- PROVIDED MATERIAL -
=====

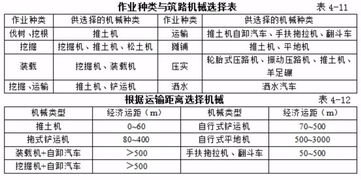 哪些施工方法為不同的施工方法
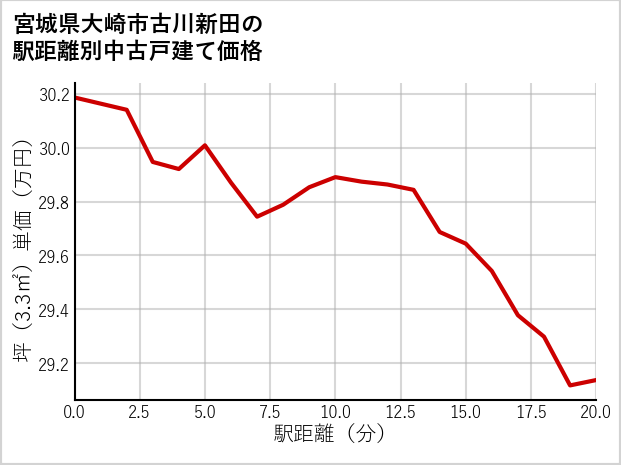 宮城県大崎市古川新田の徒歩距離別の中古戸建て坪単価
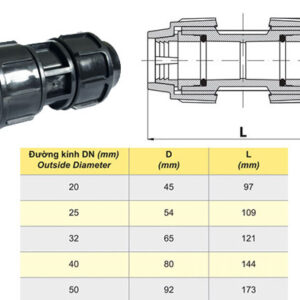 Giá Bán Phụ Kiện Ống Nhựa DEKKO: Măng Sông HDPE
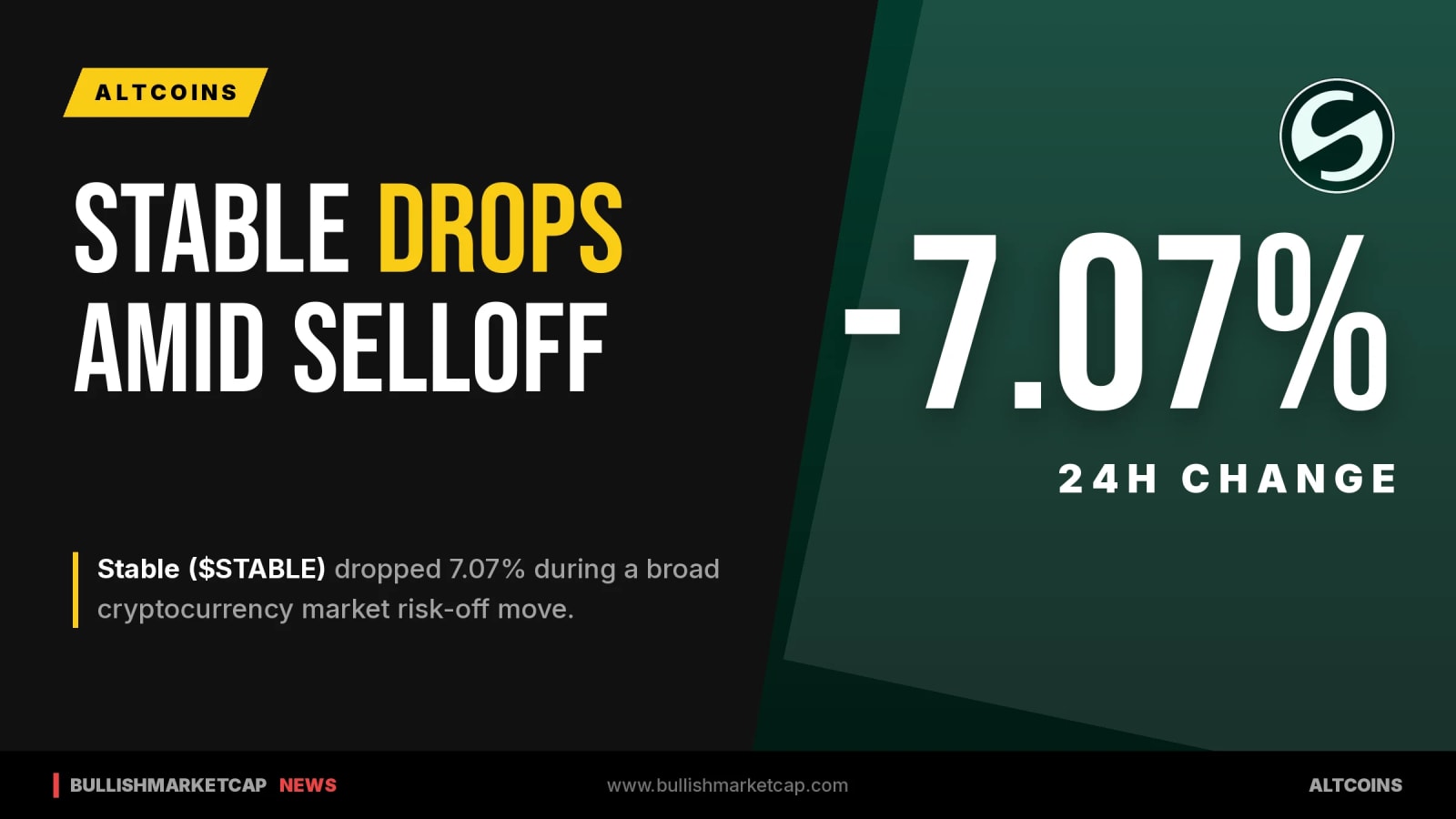Stable Drops 7.07% Amid Broad Crypto Risk-Off Move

=====

- PROBLEM DETAILS -
Write out the line that contains "宮城県大崎市古川新田の徒歩距離別の中古戸建て坪単価" and every line after it to the end of the data, exactly as they stand. Omit the pictures.

- EXERCISE OUTPUT -
 宮城県大崎市古川新田の徒歩距離別の中古戸建て坪単価
 Giá Bán Phụ Kiện Ống Nhựa DEKKO: Măng Sông HDPE
Stable Drops 7.07% Amid Broad Crypto Risk-Off Move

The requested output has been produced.